On Monday, researchers announced the creation of a silicon-based chip that can use laser light to transmit data between chips rather than wires. This means that computer designers may be able to overhaul the design of the average computer and pack chips more densely than ever before, in both home computers and giant data centers.
Although commercialization of the technology probably won't happen before the end of the decade, this leap means that the laser light, combined with metal wires, could make for a cheaper and more powerful national computing structure. The chips would cost just a few dollars each, and transmit data up to 100-times faster than the current laser-based optical transceivers which cost thousands of dollars and are massively slowed when the streams of data reach the conventional wire-based communications equipment.
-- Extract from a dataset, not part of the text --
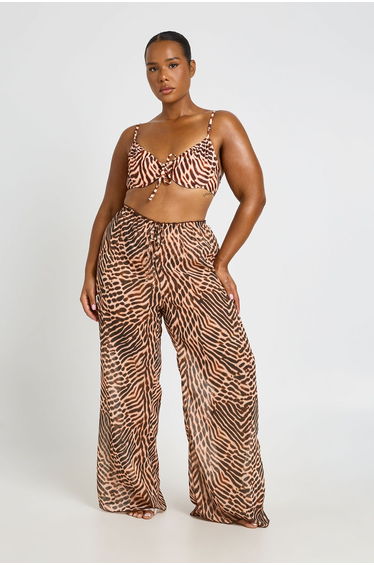 Plus Abstract Print Chiffon Wide Leg Beach Trouser - chocolate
In the report, published in the upcoming issue of Optics Express, the researchers said they managed their breakthrough by bonding a layer of light-emitting indium phosphide onto standard silicon chips, which are etched with light-wave channels that guide the laser information. The chip can then potentially send and receive hundreds, if not thousands, of bright lasers billions of times per second.
"This is a field that has just begun exploding in the past 18 months," said Eli Yablonovitch, a physicist at the University of California, Los Angeles, and a leading researcher in the field. "There is going to be a lot more optical communications in computing than people have thought."
As well as revolutionizing the current computing infrastructure, the Intel/UC research also shows that complete photonic devices can be created using standard chip-making machinery, although the chips are not all-silicon.
Previous attempts to bond standard silicon with light-emitting, exotic materials usually resulted in melted silicon, but the UC team experimented with a low-temperature technique that uses an electrically charged oxygen gas to create a 25-atom-thick layer of oxide on each material. The oxide layer is then heated, and fuses the two materials together.
"There has always been this final hurdle," said Mario Paniccia, director of the Photonics Technology Lab at Intel. "We have now come up with a solution that optimizes both sides."
A group of photonics industry experts were briefed on the technique, and agreed that it is a huge step toward achieving a long-sought-after commercialized union of silicon chips and optical lasers.
"Before, there was more hype than substance," said Alan Huang, a former Bell Laboratories researcher who is a pioneer in the field and now chief technology officer of Menlo Park, Calif. photonics start-up company Terabit Corp. "Now I believe this will lead to future applications in optoelectronics."